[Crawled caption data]
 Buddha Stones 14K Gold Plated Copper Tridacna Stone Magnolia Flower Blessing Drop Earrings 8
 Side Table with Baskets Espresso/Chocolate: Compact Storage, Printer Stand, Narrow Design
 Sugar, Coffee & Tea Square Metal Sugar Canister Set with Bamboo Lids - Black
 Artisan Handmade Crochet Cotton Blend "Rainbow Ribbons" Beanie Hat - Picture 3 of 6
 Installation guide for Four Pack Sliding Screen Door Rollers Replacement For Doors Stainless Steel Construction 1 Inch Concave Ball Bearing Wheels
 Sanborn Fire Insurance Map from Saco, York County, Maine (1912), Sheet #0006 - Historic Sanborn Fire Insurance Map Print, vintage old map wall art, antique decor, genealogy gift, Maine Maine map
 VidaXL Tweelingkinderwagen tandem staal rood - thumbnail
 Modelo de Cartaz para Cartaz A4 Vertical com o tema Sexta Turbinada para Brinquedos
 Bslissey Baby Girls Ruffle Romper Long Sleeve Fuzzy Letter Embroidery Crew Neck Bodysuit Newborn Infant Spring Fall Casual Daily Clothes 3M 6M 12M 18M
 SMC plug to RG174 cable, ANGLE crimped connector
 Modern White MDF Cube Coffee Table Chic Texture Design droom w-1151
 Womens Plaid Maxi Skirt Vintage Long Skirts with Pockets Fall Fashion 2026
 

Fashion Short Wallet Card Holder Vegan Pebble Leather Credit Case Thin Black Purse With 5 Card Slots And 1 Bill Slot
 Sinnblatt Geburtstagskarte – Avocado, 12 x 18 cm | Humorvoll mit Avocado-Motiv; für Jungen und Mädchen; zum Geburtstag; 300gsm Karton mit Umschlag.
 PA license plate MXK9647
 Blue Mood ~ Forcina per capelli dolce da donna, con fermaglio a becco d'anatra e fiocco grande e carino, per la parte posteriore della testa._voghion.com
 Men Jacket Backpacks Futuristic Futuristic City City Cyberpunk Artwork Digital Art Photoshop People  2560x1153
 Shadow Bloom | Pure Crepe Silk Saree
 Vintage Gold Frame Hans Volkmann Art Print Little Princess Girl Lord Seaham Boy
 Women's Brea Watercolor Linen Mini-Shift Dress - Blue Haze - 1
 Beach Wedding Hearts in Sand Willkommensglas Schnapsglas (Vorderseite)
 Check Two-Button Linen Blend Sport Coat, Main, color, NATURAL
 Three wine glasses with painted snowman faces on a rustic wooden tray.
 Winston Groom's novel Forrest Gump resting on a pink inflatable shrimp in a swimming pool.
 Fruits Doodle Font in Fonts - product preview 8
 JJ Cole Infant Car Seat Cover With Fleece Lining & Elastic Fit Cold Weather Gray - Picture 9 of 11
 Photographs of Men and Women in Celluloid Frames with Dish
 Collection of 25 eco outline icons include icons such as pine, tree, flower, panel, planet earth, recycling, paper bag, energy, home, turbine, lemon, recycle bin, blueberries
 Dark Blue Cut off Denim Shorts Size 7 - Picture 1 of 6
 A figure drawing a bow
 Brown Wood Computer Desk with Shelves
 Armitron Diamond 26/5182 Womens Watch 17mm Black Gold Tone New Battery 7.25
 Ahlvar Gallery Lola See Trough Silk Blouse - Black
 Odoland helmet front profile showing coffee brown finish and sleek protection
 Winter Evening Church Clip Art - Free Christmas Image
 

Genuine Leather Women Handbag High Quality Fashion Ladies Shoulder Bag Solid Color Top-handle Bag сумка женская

- [TASK TO CARRY OUT]
Extract every line containing the string "Fall" from the data above.

- [RESULT FOR THIS TASK]
 Bslissey Baby Girls Ruffle Romper Long Sleeve Fuzzy Letter Embroidery Crew Neck Bodysuit Newborn Infant Spring Fall Casual Daily Clothes 3M 6M 12M 18M
 Womens Plaid Maxi Skirt Vintage Long Skirts with Pockets Fall Fashion 2026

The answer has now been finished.